On the other hand, the invention also provides a multi-field lip language identification sample automatic generation system based on corpus relation, which comprises an information acquisition module, a first corpus storage module, a second corpus storage module, a corpus extraction module, a lip-shaped sample generation module, a label annotation module, a third lip-shaped video storage module and a fourth lip-shaped video storage module:

the information acquisition module acquires massive text information in an acquisition range in various forms and processes the text information to obtain field corpus information; the collection range comprises a currently existing public lip language data set and text files related to field keywords;

the first corpus storage module is used for storing corpus information of the existing public lip language data set and the original lip video acquired by the information acquisition module;

the second corpus storage module is used for storing the domain corpus information acquired by the information acquisition module;

the corpus extraction module is used for performing word segmentation and word frequency calculation on the domain corpus information in the second corpus storage module, and updating the second corpus storage module after obtaining a domain corpus;

the lip sample generation module is used for generating a digital lip sample file for the corpus information stored in the first corpus storage module and the domain corpus stored in the second corpus storage module;

the label annotation module is used for carrying out label annotation on the generated digital lip sample file to form a field lip database and storing the field lip database into the fourth lip video storage module;

the third lip-shaped video storage module is used for storing the digital lip shape obtained by the corpus information of the first corpus storage module in the sample generation module, and combining the corresponding original lip-shaped videos to obtain a new lip-shaped database;

the fourth lip-shaped video storage module is used for storing a field lip-shaped database obtained after the field corpus information of the second corpus storage module is processed by the sample generation module and the tag annotation module.

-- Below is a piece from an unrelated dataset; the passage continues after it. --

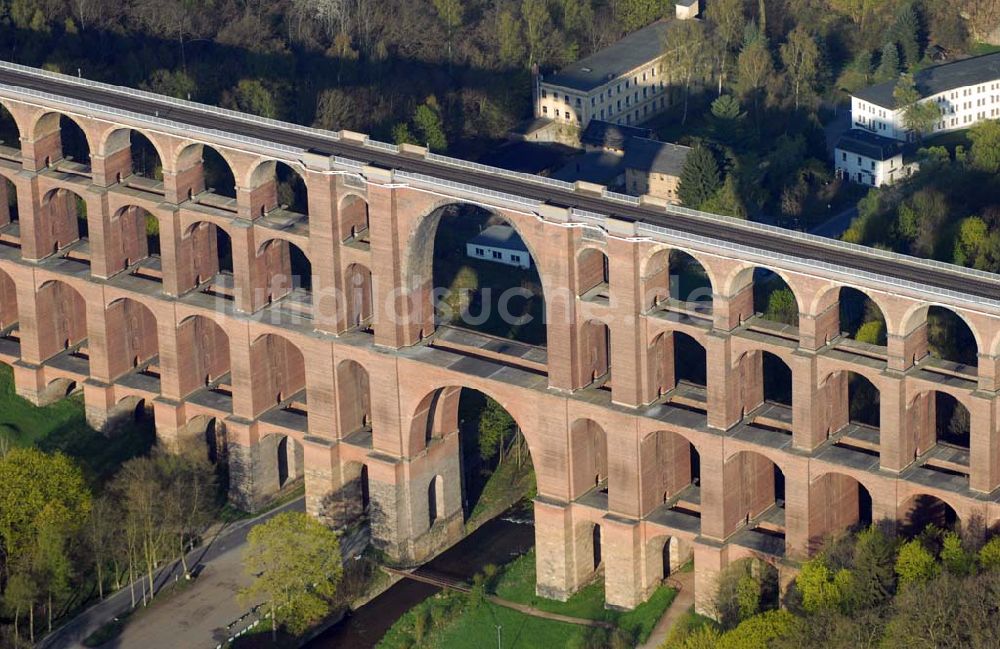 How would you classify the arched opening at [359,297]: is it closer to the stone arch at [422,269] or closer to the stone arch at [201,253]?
the stone arch at [422,269]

The beneficial effects of adopting above-mentioned technical scheme to produce lie in: according to the multi-domain lip data automatic generation method based on the corpus relation for lip language identification, which is provided by the invention, (1) the related characteristics of an original corpus are supported to be extracted from large-scale data, a professional corpus can be constructed for each domain, and a balanced corpus with uniformly distributed text characteristics is realized; (2) The automatic acquisition of data and the intelligent generation of the digital lip shape are realized, and the labor cost for constructing a data set can be effectively reduced; incremental management is carried out on the corpus, so that the sample number and category diversity of lip language identification research are improved; (3) The training and testing data set can be provided for the lip language identification model, and the original lip language video sample and the generated digital lip shape video sample are combined, so that the generalization capability of the lip language identification model can be effectively improved.

Drawings

Fig. 1 is a schematic flow chart of a multi-domain lip data automatic generation method based on corpus relation for lip language identification, which is provided by the embodiment of the invention;

FIG. 2 is a digital face model for use in synthesizing lips according to an embodiment of the present invention;

FIG. 3 is a digital lip sample generated in accordance with an embodiment of the present invention;

fig. 4 is a structural block diagram of a multi-domain lip data automatic generation system based on corpus relation for lip language identification provided by the embodiment of the invention;

fig. 5 is a schematic diagram of a sample generation flow of a lip language recognition model training method according to an embodiment of the present invention.

Detailed Description

The following describes in further detail the embodiments of the present invention with reference to the drawings and examples. The following examples are illustrative of the invention and are not intended to limit the scope of the invention.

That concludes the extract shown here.